# Suspend Recording for X hours...



## rshallett (Jul 22, 2006)

When someone comes by for lunch or I have a party, I like to turn on the cable music channel. Tivo insists on changing the station to TV in order to fufill my recording schedule. It's annoying. It'd be great if there was an easy-to-access "Suspend recording for X hours." that I could select. 

Suspend recording for .5 hours
Suspend recording for 1 hour
Suspend recording for 2 hours
Suspend recording for 4 hours

Then, when I de-select the Suspend function, Tivo picks up with my scheduled recording.

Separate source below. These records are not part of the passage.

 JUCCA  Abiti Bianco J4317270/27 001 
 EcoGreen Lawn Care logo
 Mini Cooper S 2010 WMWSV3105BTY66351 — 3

As it is now, it keeps changing the station and I have to go change it back to music. Or I have to go into the scheduler and delete the upcoming program(s)


----------



## megazone (Mar 3, 2002)

Instead of doing that, and possibly missing recordings, if you have any digital music you could play that through the TiVo over the network. It can play the music and still record.


----------



## Joe Smith (Aug 1, 2003)

If you have available disk space, you could enter a manual 4-hour recording of the music channel.


----------



## PeternJim (Sep 25, 2004)

Or check the "To Do" list and delete anything that is coming up during the party time. Since you are willing to not record those items anyway, and would be needing to access the TiVo interface anyway, why not just use the To Do list?


----------



## PeternJim (Sep 25, 2004)

PS and that way, you don't have to take positive action to turn it back on when the party is over.


----------